Now for the final step between the Identity Provider and the Service Provider. We need a way to receive SAML assertions once the user has been authenticated.

/*
POST /sso/login
*/
router.post('/login',
   bodyParser.urlencoded({ extended: false }),
   passport.authenticate('saml', { failureRedirect: '/login', failureMessage: true, session: false }), (req, res, next) => {
       const parser = new Saml2js(req.body.SAMLResponse);
       req.RelayState = parseInt(req.body.RelayState, 10);
       req.samlUserObject = parser.toObject();
       next();
   }, function (req, res) {
       // In my project once user is authenticated we create a short lived token
       // I chose not to show that code - you'll have to imagine what it looks like ;)
       controller.createOTPtoken(req.samlUserObject, req.RelayState, function (err, otp_token) {
           if (err) {
               res.redirect(`${config.url}/login?errCode=${err.statusCode}&errMessage=${err.message}`);
           } else {
               res.redirect(`${config.url}/login?ssoOtp=${otp_token}`);
           }
       });
   });

I've opted to after we receive the SAML assertion to create a short-lived token the Front End can then use to authenticate the user and fetch appropriate user data.

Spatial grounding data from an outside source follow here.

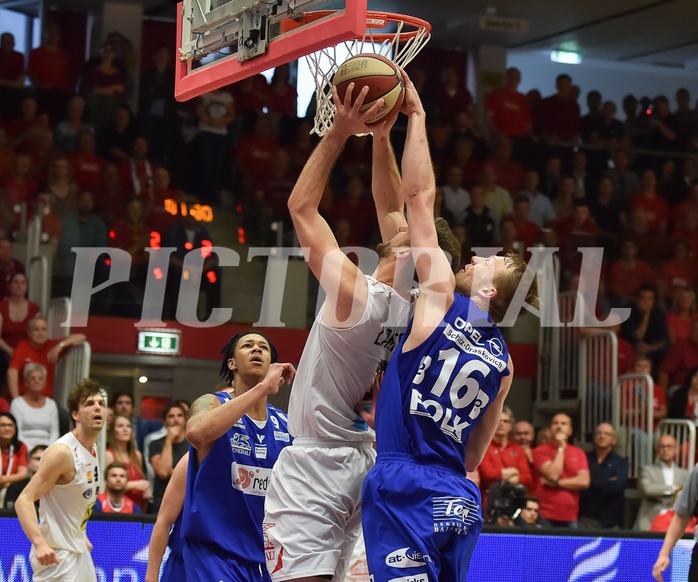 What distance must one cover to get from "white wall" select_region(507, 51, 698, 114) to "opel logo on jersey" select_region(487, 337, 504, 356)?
12616 mm

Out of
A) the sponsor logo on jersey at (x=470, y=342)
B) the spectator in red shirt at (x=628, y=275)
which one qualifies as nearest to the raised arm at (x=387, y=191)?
the sponsor logo on jersey at (x=470, y=342)

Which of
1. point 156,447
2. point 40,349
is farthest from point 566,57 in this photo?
point 156,447

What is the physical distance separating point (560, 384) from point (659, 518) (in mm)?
2408

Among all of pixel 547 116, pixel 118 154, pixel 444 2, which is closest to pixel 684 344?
pixel 547 116

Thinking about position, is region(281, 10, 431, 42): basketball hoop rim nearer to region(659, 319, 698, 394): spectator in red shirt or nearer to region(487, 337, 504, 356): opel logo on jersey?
region(487, 337, 504, 356): opel logo on jersey

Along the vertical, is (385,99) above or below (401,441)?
above

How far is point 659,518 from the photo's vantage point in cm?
1016

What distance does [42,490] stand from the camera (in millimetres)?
6520

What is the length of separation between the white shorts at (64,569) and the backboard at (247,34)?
2.77 meters

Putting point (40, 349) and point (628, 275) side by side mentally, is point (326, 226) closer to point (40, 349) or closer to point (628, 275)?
point (40, 349)

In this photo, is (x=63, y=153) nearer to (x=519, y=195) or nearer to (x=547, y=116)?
(x=519, y=195)

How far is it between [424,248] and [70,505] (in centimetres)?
333

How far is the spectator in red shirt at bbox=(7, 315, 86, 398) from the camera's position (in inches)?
421

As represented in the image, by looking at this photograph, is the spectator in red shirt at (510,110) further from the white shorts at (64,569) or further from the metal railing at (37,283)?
the white shorts at (64,569) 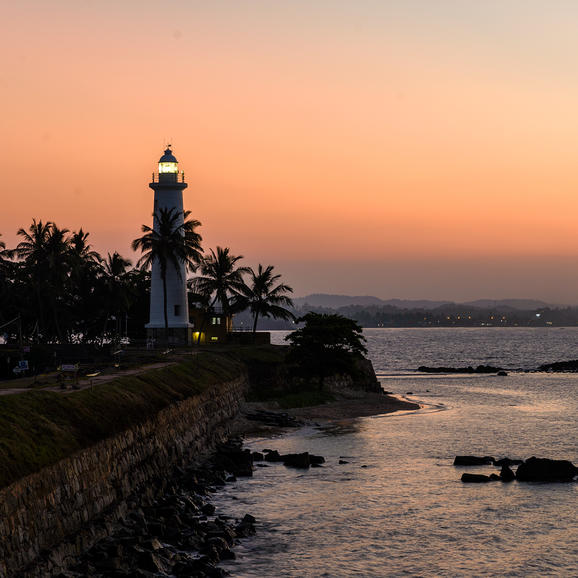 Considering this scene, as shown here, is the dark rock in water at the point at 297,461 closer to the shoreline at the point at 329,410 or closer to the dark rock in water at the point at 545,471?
the dark rock in water at the point at 545,471

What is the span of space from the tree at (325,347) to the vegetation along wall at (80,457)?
93.8ft

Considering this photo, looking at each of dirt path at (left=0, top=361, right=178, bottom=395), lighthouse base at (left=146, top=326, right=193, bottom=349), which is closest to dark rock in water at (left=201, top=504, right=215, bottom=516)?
dirt path at (left=0, top=361, right=178, bottom=395)

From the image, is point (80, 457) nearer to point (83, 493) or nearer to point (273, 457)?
point (83, 493)

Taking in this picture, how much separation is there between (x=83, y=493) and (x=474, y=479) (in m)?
19.6

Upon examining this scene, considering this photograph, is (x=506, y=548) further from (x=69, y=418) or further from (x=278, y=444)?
(x=278, y=444)

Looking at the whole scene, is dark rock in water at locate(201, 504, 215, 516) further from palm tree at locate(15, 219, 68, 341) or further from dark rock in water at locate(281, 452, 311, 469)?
palm tree at locate(15, 219, 68, 341)

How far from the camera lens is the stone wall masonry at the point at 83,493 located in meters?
18.4

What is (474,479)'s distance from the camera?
3528 cm

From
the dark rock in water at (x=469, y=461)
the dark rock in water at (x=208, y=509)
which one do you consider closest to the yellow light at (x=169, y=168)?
the dark rock in water at (x=469, y=461)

Before you implement your solution, it's worth reading up on the OWASP top 10 to verify what vulnerabilities you are opening yourself up to with SSO and the best ways to protect yourself. Make sure to continuously update the libraries you chose to implement as any vulnerability fixes you miss - bad actors can easily exploit. With SAML SSO it's worth adding the 'audience' param. Which is a fancy way of saying " This SAML assertion is only meant for this Service Provider".

I hope this was helpful. Best of luck with your project!